Damage to the joint surfaces
The knee joint is the largest synovial joint in the body. The ends of the bones are covered in hyaline cartilage and form the articular surfaces.
Hyaline cartilage has very low friction and is lubricated by synovial fluid (from the joint lining)
The joint surfaces can be injured and an area of cartilage can be lost
Osteochondral injury is an injury to the joint surface (articular cartilage) with some of the underlying bone.
Chondral injuries involve only the articular cartilage.
How does it happen?
Cartilage defects may the result of an injury to the knee, but may also occur spontaneously in young children (osteochondritis dissecans)
It may also occur in conjunction with ligament or meniscal injuries.
This can be a potentially serious condition, particularly in young adults, because in the long term it can increase the risk of developing significant osteoarthritis.
What are the symptoms?
The symptoms of chondral injury tend to be pain, clicking, catching and swelling. Quite often the pain is well localized to the area of damage.
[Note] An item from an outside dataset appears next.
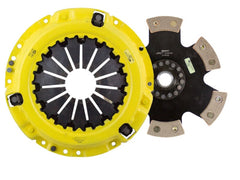 Advanced Clutch Technology TA3-HDR6 HD/Race Rigid 6 Pad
Occasionally, it is difficult to say exactly where the pain is arising from, and the knee feels generally uncomfortable.
If the injury has resulted in a fragment of the joint surface cartilage floating around the knee there can also be symptoms of a loose body, with locking and sometimes a palpable lump in the knee that comes and goes.
How is it diagnosed?
The diagnosis of a chondral injury in the knee joint can be made on the story of an injury along with examination of the knee which may reveal nothing more than pain and swelling.
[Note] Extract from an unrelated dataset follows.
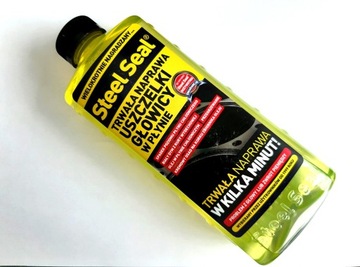ПРОКЛАДКИ ГОЛОВКИ ГОЛОВКИ HYPER-SEAL ULTRA STEEL REPAIR ЖИДКОСТЬ ДЛЯ ГОЛОВКИ БЛОКА ДВИГАТЕЛЯ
X-rays are useful if there is a small fragment of bone as well as a fragment of articular cartilage (osteochondral lesion). If not, the x-rays will probably be normal.
An MRI scan will show up most chondral injuries.
What is the Treatment?
Most acute chondral injuries will be treated with arthroscopic surgery to either remove or replace the damaged fragment.
In general the only repairable injuries of this type are where there is quite a large chunk of articular cartilage with a sliver of bone (an osteochondral fragment) which can be pinned back in place.
If the fragment has to be removed and it leaves behind a crater in an important part of the knee with bare bone in the base, it will not heal up with hyaline cartilage.
It may heal up with fibrocartilage in the base giving some sort of smooth covering.
This type of covering can be encouraged by making small holes in the bone.
By encouraging bleeding into the area, fibrocartilage will form.
This technique is known as microfracture.
If the area of damage is too big to be treated by microfracture, then osteochondral plugs can be taken from other areas of the knee and used to fill the defect - this is a technique known as Mosaicplasty.
Synthetic plugs are also commercially available for Mosaicplasty.